OceanStor Dorado V6 Series 6.1.x and V700R001 SmartDedupe and SmartCompression Feature Guide for Block
Working Principles
The SmartDedupe and SmartCompression features deduplicate and compress data respectively to reduce redundant data and save storage capacity. In addition, the two features reduce the amount of data written into SSDs and the number of data writes, prolonging the service life of SSDs.
The storage system provides an adaptive deduplication policy that combines inline deduplication and similarity-based deduplication. The system adaptively performs deduplication and compression based on service data characteristics in different scenarios. Adaptive deduplication and compression maximize the data reduction ratio. Figure 1-1 shows the system processing flow.
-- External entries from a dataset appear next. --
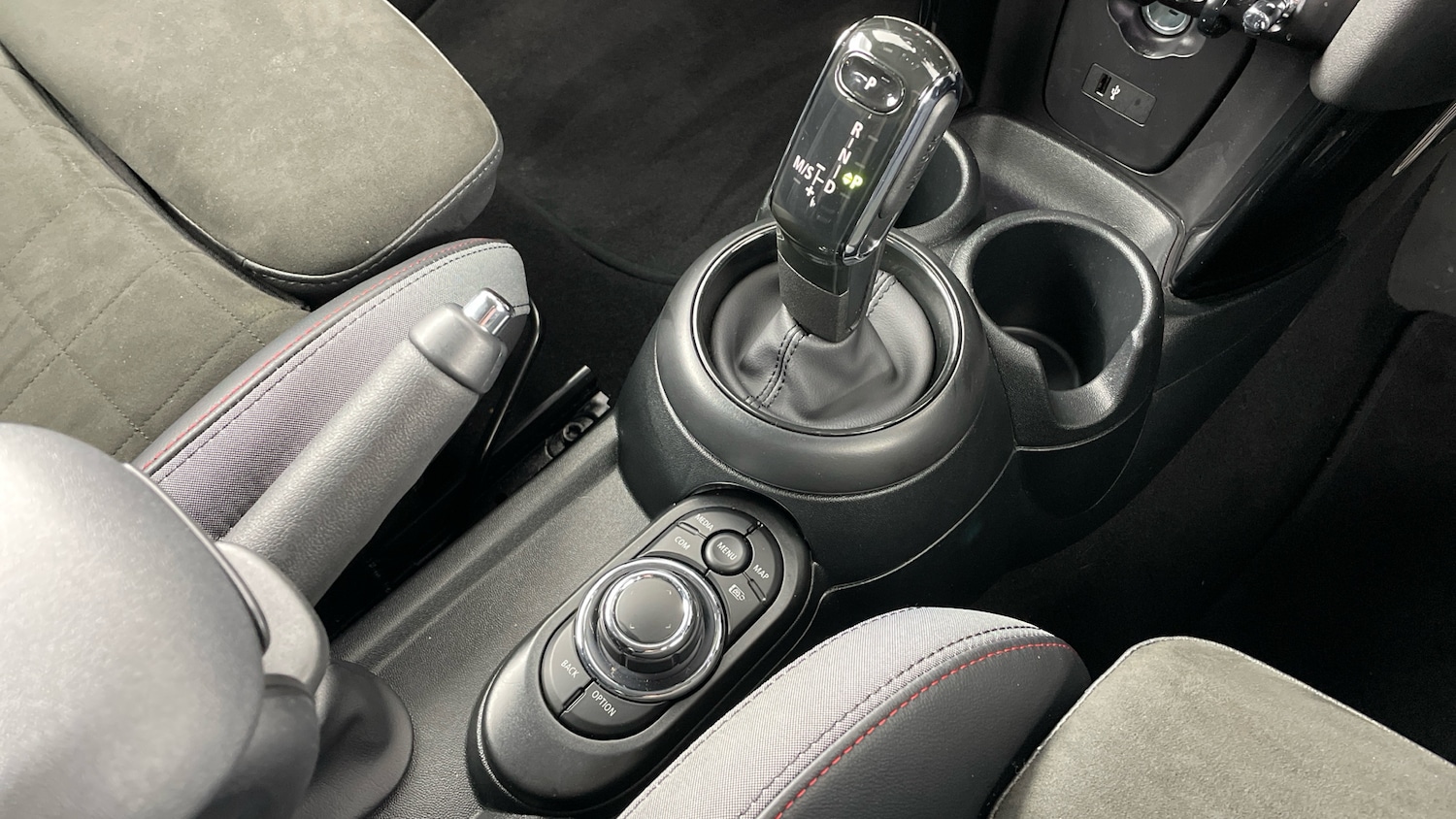 Used MINI Hatch 2024 for sale - 77518944: Photo 10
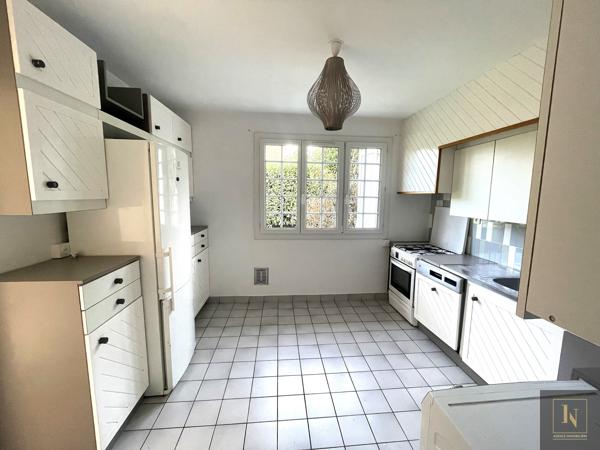 Maison
                                                                                                                                                                                                                                                                                                                        5 pièce(s)                                                                                                                                                                                                          3 chambre(s)                                                                                                                                                                                                          105  m²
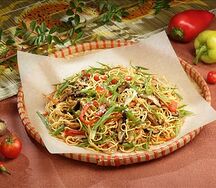 Лапша яичная с грибами шиитаке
When a user writes data, the adaptive deduplication algorithm identifies data suitable for inline or similarity-based deduplication based on data characteristics.
- If an inline deduplication policy is used, the system directly performs inline deduplication. Then the system compresses the user data and writes the compressed data to the storage pool.
- If a similarity-based deduplication policy is used, the system calculates similar fingerprint (SFP) information of the data and inserts SFPs into the similarity-based deduplication opportunity table. Then, the user data is compressed and written to the storage pool. At the same time, the backend reads the data corresponding to these SFPs from disks for similarity-based deduplication. After the deduplication is complete, the fingerprint table is updated.
Basic Concepts
The basic concepts of SmartDedupe and SmartCompression are as follows:
- Deduplication data block size: Specifies the granularity of data that will be deduplicated in a storage system.
- Compression data block size: Specifies the granularity of data that will be compressed in a storage system.
- Similarity-based deduplication: The system divides data into blocks of a fixed size and analyzes the similarity among the blocks. Then, the system deduplicates the identical data blocks and performs combining compression on the similar data blocks.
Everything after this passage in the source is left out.